Records from a collection
══════

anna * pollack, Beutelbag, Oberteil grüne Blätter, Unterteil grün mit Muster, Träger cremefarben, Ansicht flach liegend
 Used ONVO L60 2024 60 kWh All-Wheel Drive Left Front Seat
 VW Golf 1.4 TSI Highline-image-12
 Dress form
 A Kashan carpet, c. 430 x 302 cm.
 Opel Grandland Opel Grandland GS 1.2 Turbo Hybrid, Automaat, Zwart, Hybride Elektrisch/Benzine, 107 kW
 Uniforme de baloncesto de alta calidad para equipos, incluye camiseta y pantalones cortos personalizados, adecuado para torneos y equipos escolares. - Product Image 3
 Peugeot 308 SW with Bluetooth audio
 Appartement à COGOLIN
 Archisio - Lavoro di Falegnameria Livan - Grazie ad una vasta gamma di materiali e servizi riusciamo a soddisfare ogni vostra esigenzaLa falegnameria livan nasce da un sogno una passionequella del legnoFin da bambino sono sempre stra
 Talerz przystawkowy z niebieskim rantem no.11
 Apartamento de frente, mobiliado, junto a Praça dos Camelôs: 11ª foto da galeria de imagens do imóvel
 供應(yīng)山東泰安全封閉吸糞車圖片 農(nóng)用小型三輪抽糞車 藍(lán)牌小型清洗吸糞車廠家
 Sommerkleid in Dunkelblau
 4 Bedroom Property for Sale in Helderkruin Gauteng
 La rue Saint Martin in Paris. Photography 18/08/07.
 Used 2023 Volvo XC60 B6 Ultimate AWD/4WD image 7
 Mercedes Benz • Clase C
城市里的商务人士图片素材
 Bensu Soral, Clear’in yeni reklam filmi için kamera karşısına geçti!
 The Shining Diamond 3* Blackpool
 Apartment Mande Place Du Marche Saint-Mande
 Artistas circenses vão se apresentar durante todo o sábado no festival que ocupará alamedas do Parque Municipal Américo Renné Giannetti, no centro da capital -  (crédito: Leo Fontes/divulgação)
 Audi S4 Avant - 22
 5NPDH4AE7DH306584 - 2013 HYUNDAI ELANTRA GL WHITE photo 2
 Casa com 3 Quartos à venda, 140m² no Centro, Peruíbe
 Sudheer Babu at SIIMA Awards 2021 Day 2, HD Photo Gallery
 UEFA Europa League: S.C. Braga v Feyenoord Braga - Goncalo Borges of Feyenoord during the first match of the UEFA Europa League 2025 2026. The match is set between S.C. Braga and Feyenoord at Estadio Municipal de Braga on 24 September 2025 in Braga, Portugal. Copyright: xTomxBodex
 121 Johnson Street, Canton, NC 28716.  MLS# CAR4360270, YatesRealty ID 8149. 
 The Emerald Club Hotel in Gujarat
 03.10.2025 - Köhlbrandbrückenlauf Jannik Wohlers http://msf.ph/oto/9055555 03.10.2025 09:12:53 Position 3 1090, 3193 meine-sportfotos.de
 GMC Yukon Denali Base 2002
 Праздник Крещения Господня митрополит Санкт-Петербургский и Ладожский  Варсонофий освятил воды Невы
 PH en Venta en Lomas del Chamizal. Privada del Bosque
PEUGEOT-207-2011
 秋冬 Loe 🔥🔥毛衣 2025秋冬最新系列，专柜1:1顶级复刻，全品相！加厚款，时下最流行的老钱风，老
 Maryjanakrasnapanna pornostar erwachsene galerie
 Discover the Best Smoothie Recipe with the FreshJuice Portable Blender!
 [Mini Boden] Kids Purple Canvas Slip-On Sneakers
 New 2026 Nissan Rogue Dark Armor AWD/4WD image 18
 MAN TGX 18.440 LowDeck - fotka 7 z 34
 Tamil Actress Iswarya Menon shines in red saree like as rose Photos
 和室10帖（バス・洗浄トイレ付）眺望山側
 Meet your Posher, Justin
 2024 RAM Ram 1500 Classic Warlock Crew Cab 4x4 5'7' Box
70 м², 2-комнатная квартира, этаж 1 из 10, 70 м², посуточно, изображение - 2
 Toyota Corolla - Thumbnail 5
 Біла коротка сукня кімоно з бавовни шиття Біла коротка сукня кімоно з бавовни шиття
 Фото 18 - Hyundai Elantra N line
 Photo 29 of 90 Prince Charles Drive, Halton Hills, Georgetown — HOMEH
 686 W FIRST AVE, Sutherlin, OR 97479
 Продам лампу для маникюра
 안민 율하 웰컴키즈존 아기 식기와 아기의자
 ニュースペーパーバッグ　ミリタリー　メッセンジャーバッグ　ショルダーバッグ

══════

== Your assignment ==
All lines starting at the one holding "Audi S4 Avant - 22" and ending at the last line above must be output exactly, and no other line may appear.

== Answer box ==
 Audi S4 Avant - 22
 5NPDH4AE7DH306584 - 2013 HYUNDAI ELANTRA GL WHITE photo 2
 Casa com 3 Quartos à venda, 140m² no Centro, Peruíbe
 Sudheer Babu at SIIMA Awards 2021 Day 2, HD Photo Gallery
 UEFA Europa League: S.C. Braga v Feyenoord Braga - Goncalo Borges of Feyenoord during the first match of the UEFA Europa League 2025 2026. The match is set between S.C. Braga and Feyenoord at Estadio Municipal de Braga on 24 September 2025 in Braga, Portugal. Copyright: xTomxBodex
 121 Johnson Street, Canton, NC 28716.  MLS# CAR4360270, YatesRealty ID 8149. 
 The Emerald Club Hotel in Gujarat
 03.10.2025 - Köhlbrandbrückenlauf Jannik Wohlers http://msf.ph/oto/9055555 03.10.2025 09:12:53 Position 3 1090, 3193 meine-sportfotos.de
 GMC Yukon Denali Base 2002
 Праздник Крещения Господня митрополит Санкт-Петербургский и Ладожский  Варсонофий освятил воды Невы
 PH en Venta en Lomas del Chamizal. Privada del Bosque
PEUGEOT-207-2011
 秋冬 Loe 🔥🔥毛衣 2025秋冬最新系列，专柜1:1顶级复刻，全品相！加厚款，时下最流行的老钱风，老
 Maryjanakrasnapanna pornostar erwachsene galerie
 Discover the Best Smoothie Recipe with the FreshJuice Portable Blender!
 [Mini Boden] Kids Purple Canvas Slip-On Sneakers
 New 2026 Nissan Rogue Dark Armor AWD/4WD image 18
 MAN TGX 18.440 LowDeck - fotka 7 z 34
 Tamil Actress Iswarya Menon shines in red saree like as rose Photos
 和室10帖（バス・洗浄トイレ付）眺望山側
 Meet your Posher, Justin
 2024 RAM Ram 1500 Classic Warlock Crew Cab 4x4 5'7' Box
70 м², 2-комнатная квартира, этаж 1 из 10, 70 м², посуточно, изображение - 2
 Toyota Corolla - Thumbnail 5
 Біла коротка сукня кімоно з бавовни шиття Біла коротка сукня кімоно з бавовни шиття
 Фото 18 - Hyundai Elantra N line
 Photo 29 of 90 Prince Charles Drive, Halton Hills, Georgetown — HOMEH
 686 W FIRST AVE, Sutherlin, OR 97479
 Продам лампу для маникюра
 안민 율하 웰컴키즈존 아기 식기와 아기의자
 ニュースペーパーバッグ　ミリタリー　メッセンジャーバッグ　ショルダーバッグ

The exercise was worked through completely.